A atriz lançou em março deste ano a série “No Ano que vem” na qual ela co-protagoniza junto com Julia Lemmertz. O projeto, exibido pelo Canal Brasil e disponibilizado no Globoplay é importante por trazer mulheres à frente da produção. “Estamos acostumados a ver mulheres que abdicam de sua história em favor do outro, a cuidar do outro. E desta vez ficamos diante daquelas que escolher o próprio caminho apesar de tudo. É uma série feita por mulheres, mas que não é PARA mulheres”. A atriz também está na série “Rensga Hits”, que trata sobre o universo da música sertaneja. Ela traz a observação que são poucos os negros no estilo musical. Além disso, Jeniffer comenta sobre o recente apontamento das redes sociais sobre o antigo programa da Globo ‘Esquenta’ estereotipar o subúrbio: “Critica não viu o ‘Esquenta’. Ele tinha que estar no ar hoje, inclusive. Ele só agregou”

*por Vítor Antunes

Temos observado uma crescente na presença de atores pretos como protagonistas, tanto nas novelas como nas séries em projetos no audiovisual. Jeniffer Dias co-protagonizou com Julia Lemmertz, no Canal Brasil, a série “No Ano que vem“. O projeto se destaca não apenas por trazer uma personagem principal preta, mas também por tratar-se de uma equipe que quase em sua totalidade tem mulheres à frente. “Tratou-se de uma equipe feminina, escrita e liderada por mulheres. O roteiro é de Marcia Leite e a direção da também atriz Maria Flor, que conduziu tudo maravilhosamente bem. Importante fazer um trabalho onde as mulheres são parceiras, onde se fala sobre sororidade. Estamos acostumados a ver mulheres que abdicam de sua história em favor do outro, a cuidar do outro. E desta vez ficamos diante daquelas que escolhem o próprio caminho apesar de tudo. É uma série feita por mulheres, mas que não é PARA mulheres. É importante que os caras vejam também”.

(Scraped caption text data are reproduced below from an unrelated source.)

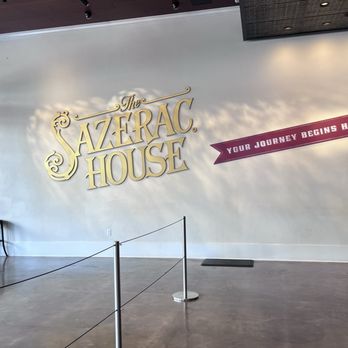 The Sazerac House - Museums Near Me - New Orleans, Louisiana The Sazerac House - Museums Near Me - New Orleans, Louisiana
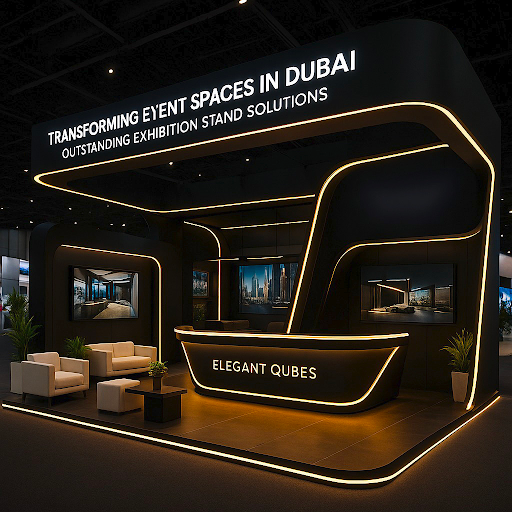 outstanding Exhibition Stand Solutions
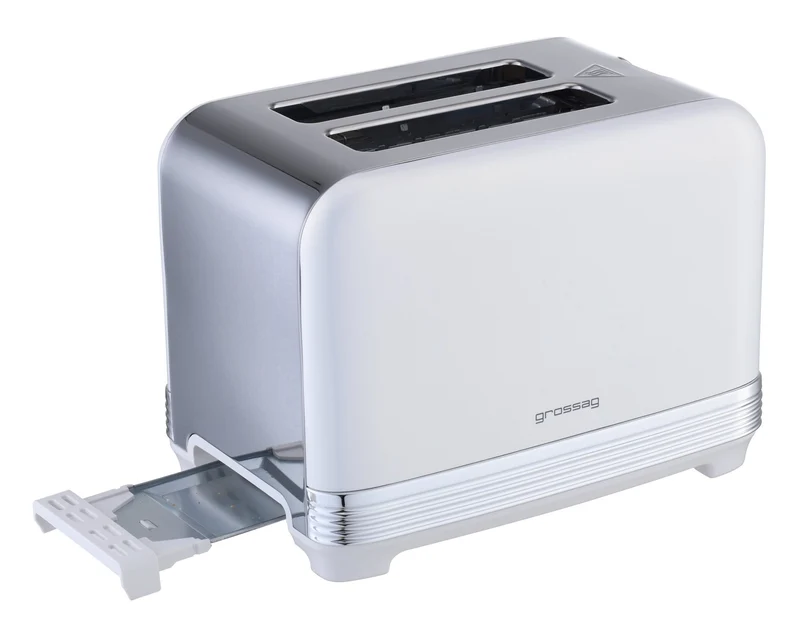 Tostapane in acciaio inox, TA 28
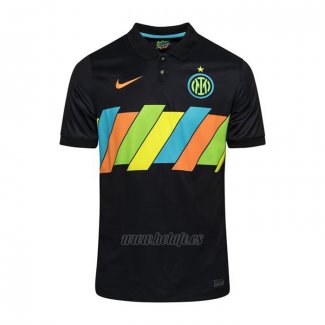 Camiseta Inter Milan Tercera 2021-2022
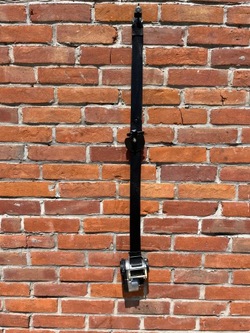 Mercedes ml w164 05-11 pas безпеки лівий p фото №1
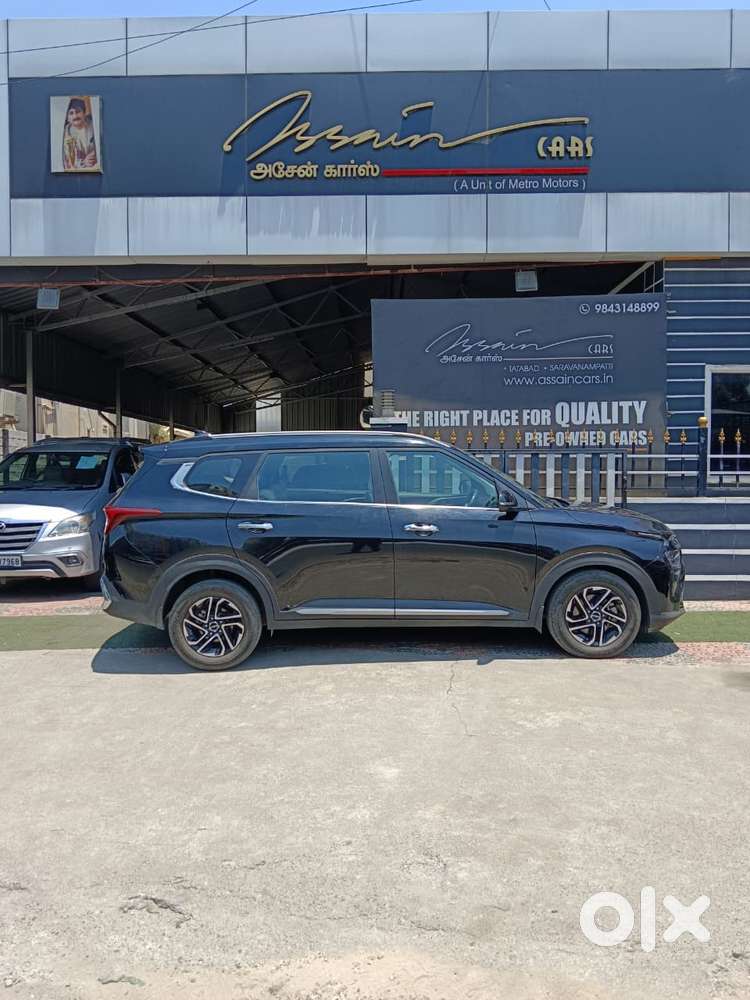 Kia Carens 1.4 Luxury Plus Dct 7 Str, 2022, Petrol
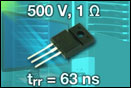 Vishay Siliconix Ƴ¿500V NϵMOSFET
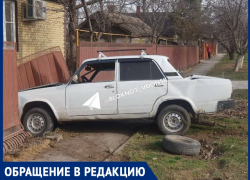 Установить железобетонные надолбы на Первомайском для защиты от таранящих заборы лихачей предложили волгодонцы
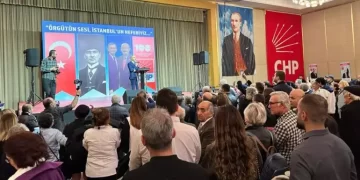 CHP içinde önemli bir gelişme: İstanbul Belediye Başkanlığı için aday adaylığını duyurdu!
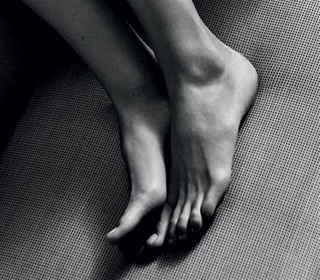 Edita Vilkeviciute feet photo 15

Outro dos projetos que a atriz está fazendo é “Rensga Hits“, que aborda o universo da música sertaneja. Sua personagem é uma cantora preta que investe no gênero. “Fiz uma pesquisa profunda e não há muitos, porque eles não chegam para a grande mídia, ainda que estejam por aí, trabalhando e querendo chegar”. Jeniffer relembra, então, que uma das principais duplas sertanejas foi Cascatinha e Inhana, casal que fez sucesso com a guarânia “Índia“, de 1952, e do qual nem todo mundo tem memória. Além deles, as duplas João Paulo& Daniel – João Paulo morreu em 1997 – e Rick&Renner. “É um universo muito masculino. A revolução aconteceu depois de Marília Mendonça (1995-2021)”. “Rensga” já teve a segunda e a terceira temporada gravadas e estreia ainda neste semestre no Globoplay.

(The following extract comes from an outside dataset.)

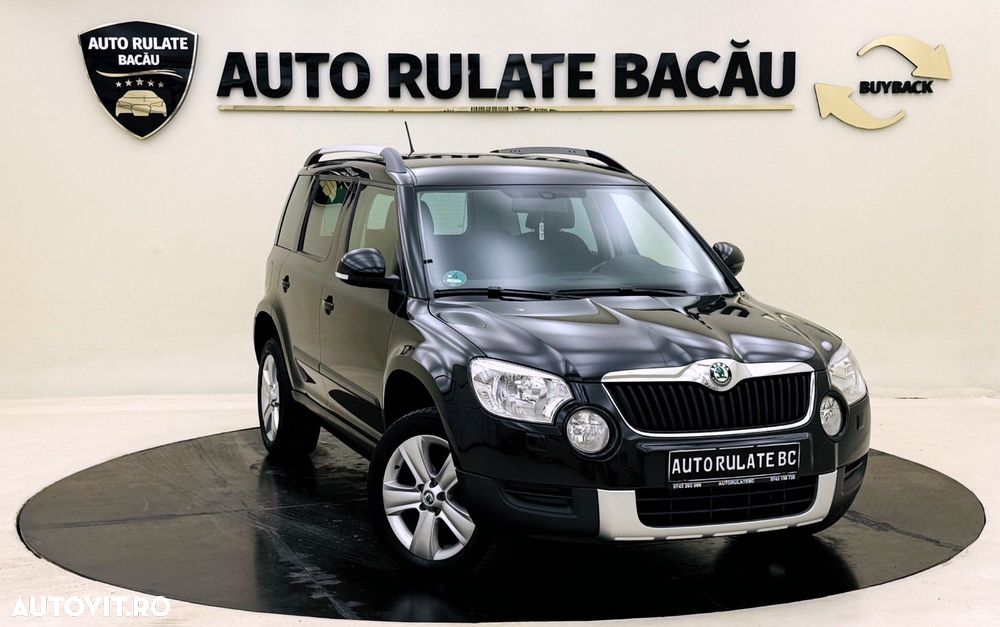 Skoda Yeti - 3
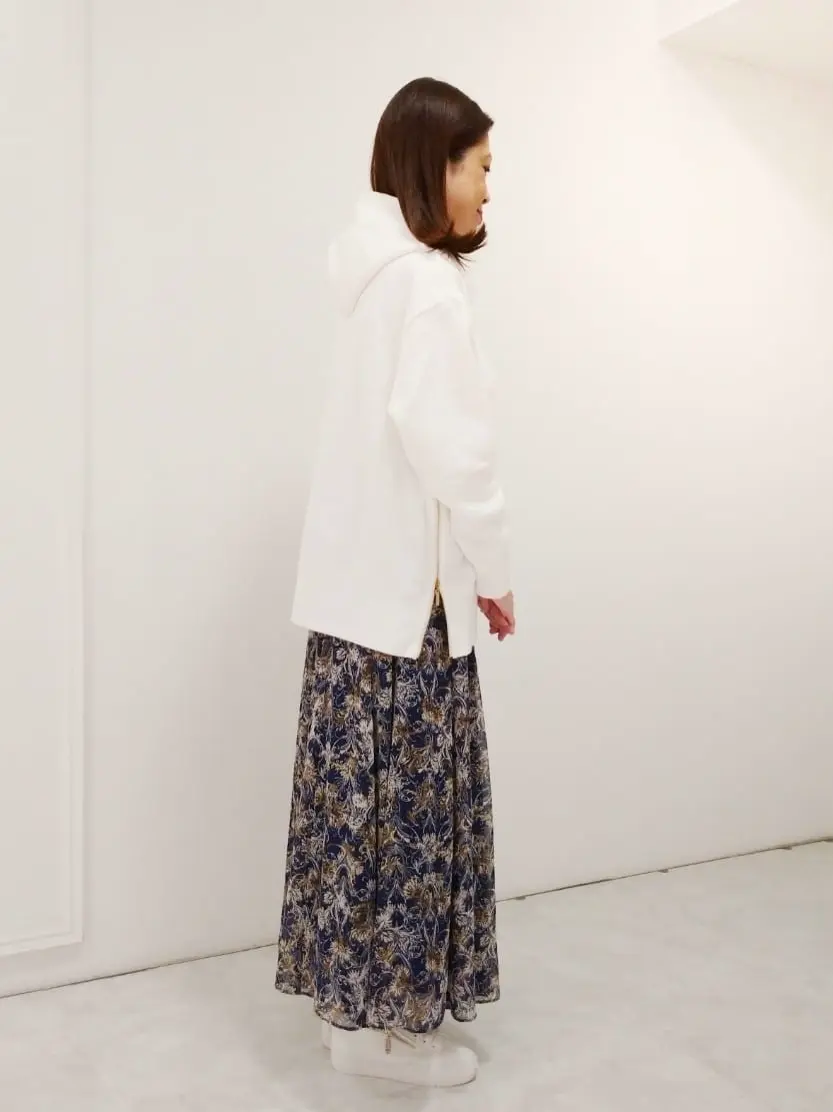 自由区 八田 コーディネート画像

Outro assunto que Jeniffer revisitou foi o apagamento da memória no que se relaciona à negritude ou à história não oficial. “Nosso país foi forjado de maneira horrorosa, cruel, e por muito acreditarmos no que não era original. Vê-la contada como está sendo agora, trazida à tona, é a compreensão de que a arte tem o poder de transformar da melhor forma o que foi silenciado”. Para tanto, por contar sobre essa história que a história não conta, a atriz exalta projetos como “Filhos da Pátria“, que ela mesma fez na Globo, e que objetivava fazer troça da História do Brasil, e “Segunda Chamada“, uma série que aborda a vida de professores da rede pública.

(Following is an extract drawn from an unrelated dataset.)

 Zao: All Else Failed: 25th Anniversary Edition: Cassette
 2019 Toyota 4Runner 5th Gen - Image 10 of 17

Um dos filmes que Jeniffer fez, sob algum aspecto, também se apoia nisso. É “Mussum, o Filmis“. Nesse, o Mussum (1941-1994) retratado é muito diferente do que foi consolidado na memória coletiva: um preto, histérico, bêbado e cômico, ainda que rude. “Mussum não morreu de cirrose, como acreditam. Ele era cardíaco. Mussum ensinou a mãe a ler, inventou um instrumento musical [o reco-reco], foi um grande nome da Mangueira, um grande artista. Há uma crueldade para com os corpos negros”. Além desse tema, a atriz fala sobre a série “Rensga Hits“, que traz a observação de que são poucos os negros na música sertaneja.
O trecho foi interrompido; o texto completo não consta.